Task objective :: Apart from the pictures, reproduce the data below exactly as it stands.

** Entries supplied follows **

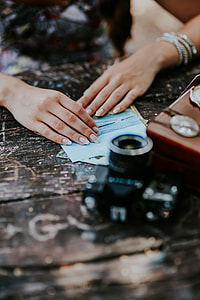 People looking at the photos thumbnail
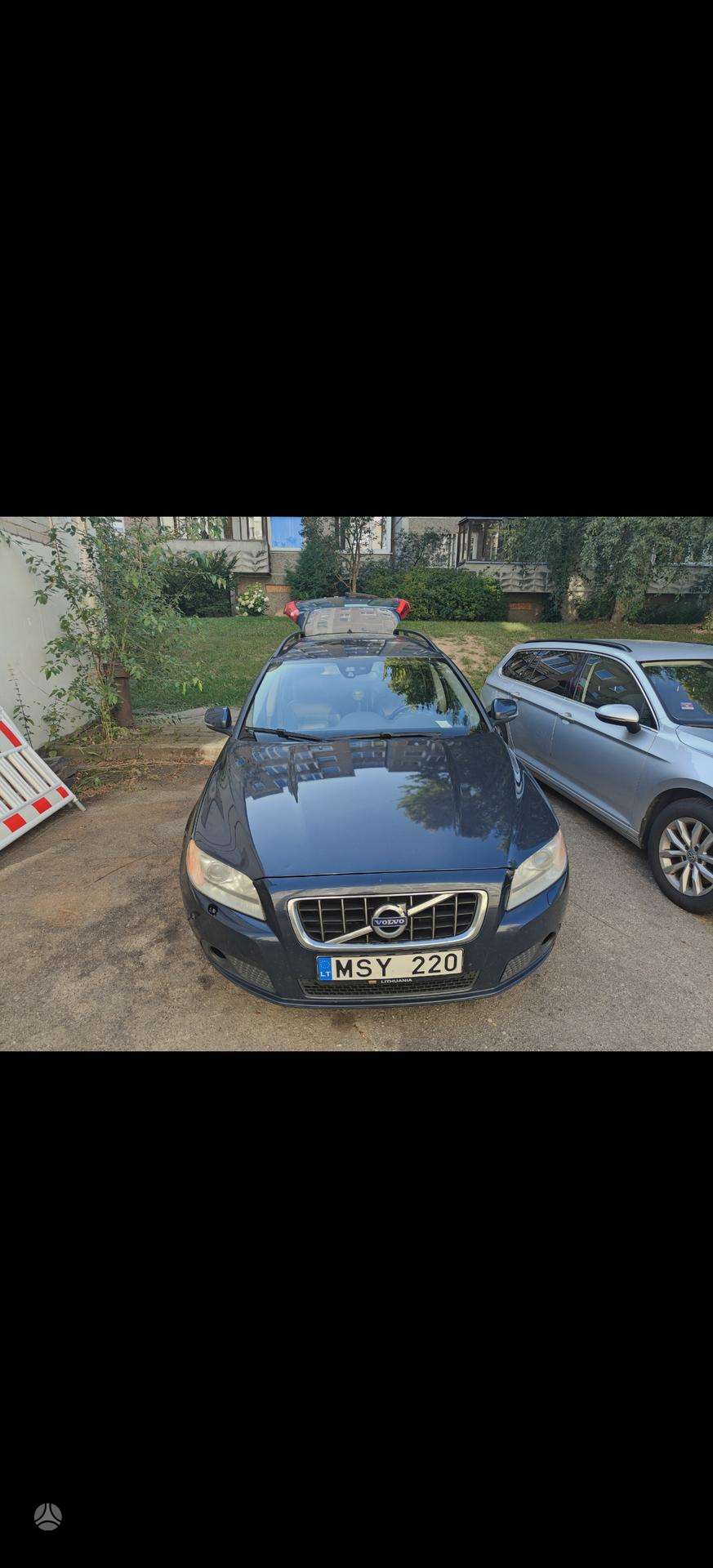 Volvo V70.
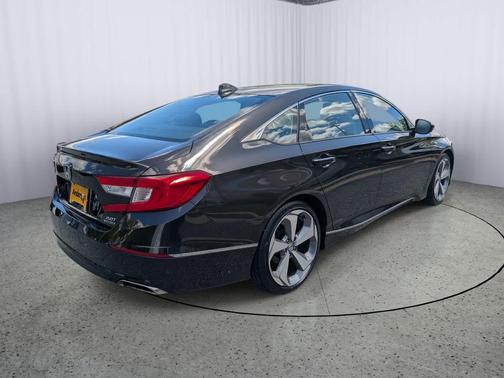 Crystal Black Pearl 2018 Honda Accord Touring 2.0T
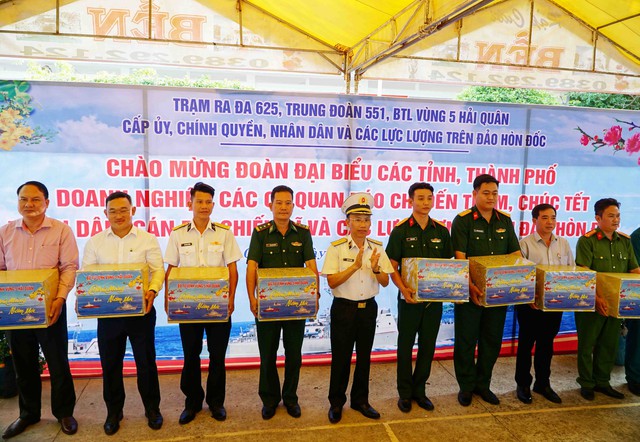 Bộ Tư lệnh Vùng 5 Hải quân: Thăm, tặng quà cán bộ, chiến sĩ và các lực lượng trên đảo Hòn Đốc- Ảnh 6.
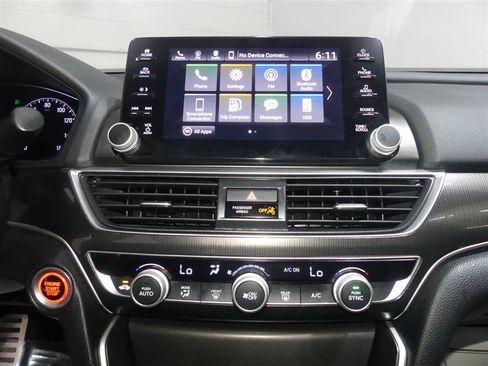 Used 2018 Honda Accord Sport image 35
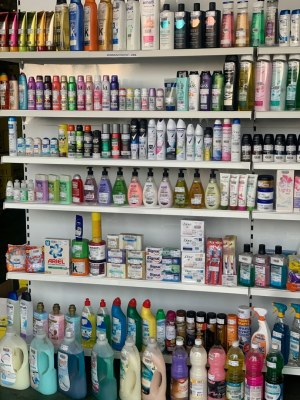 Gros destockage hygiène et entretien de marques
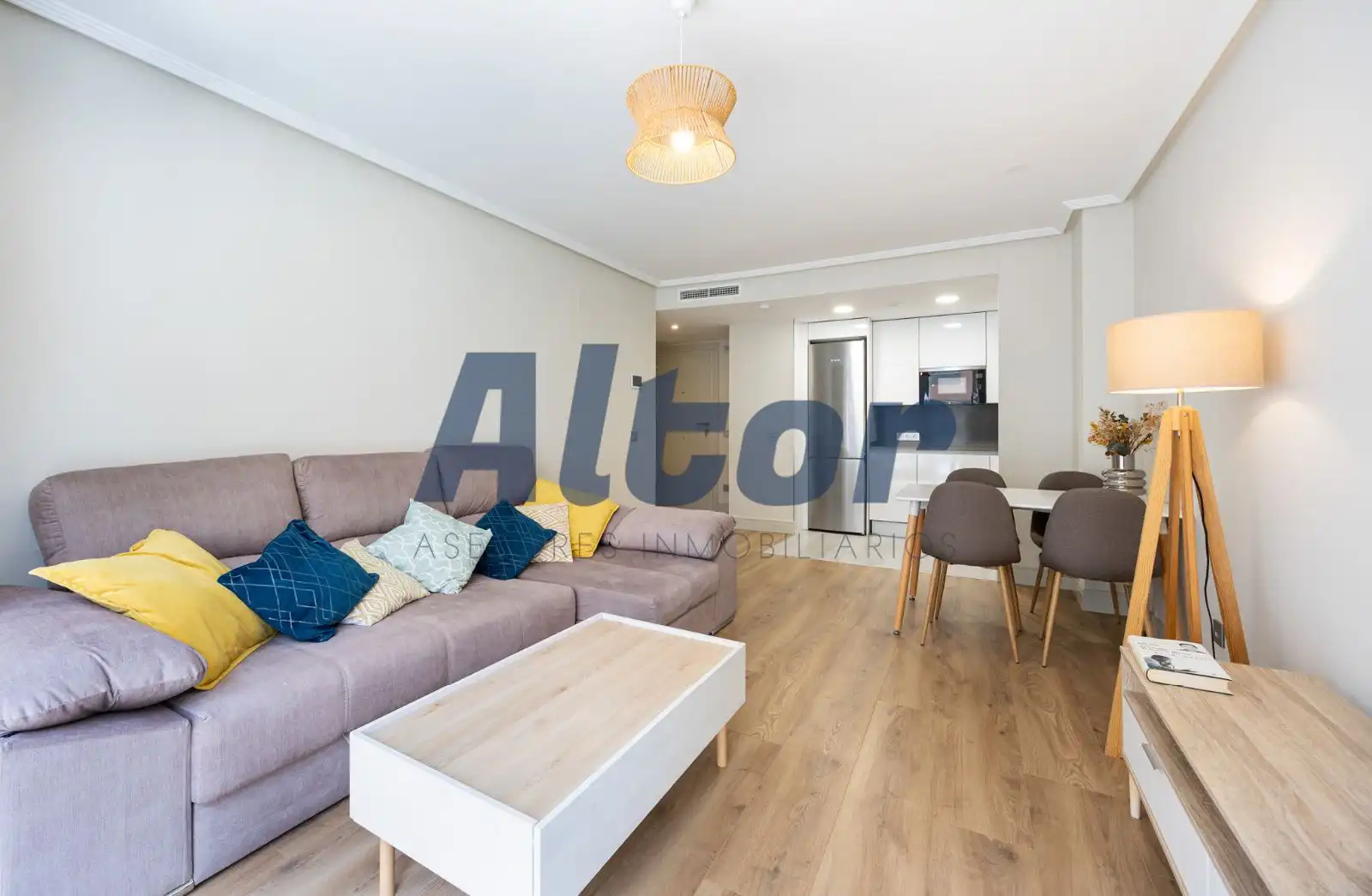 Wohnzimmer von Wohnung zum Verkauf in Madrid mit Klimaanlage, Abstellraum und Schwimmbad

** End of Entries supplied **

Answer to the problem ::
 People looking at the photos thumbnail
 Volvo V70.
 Crystal Black Pearl 2018 Honda Accord Touring 2.0T
 Bộ Tư lệnh Vùng 5 Hải quân: Thăm, tặng quà cán bộ, chiến sĩ và các lực lượng trên đảo Hòn Đốc- Ảnh 6.
 Used 2018 Honda Accord Sport image 35
 Gros destockage hygiène et entretien de marques
 Wohnzimmer von Wohnung zum Verkauf in Madrid mit Klimaanlage, Abstellraum und Schwimmbad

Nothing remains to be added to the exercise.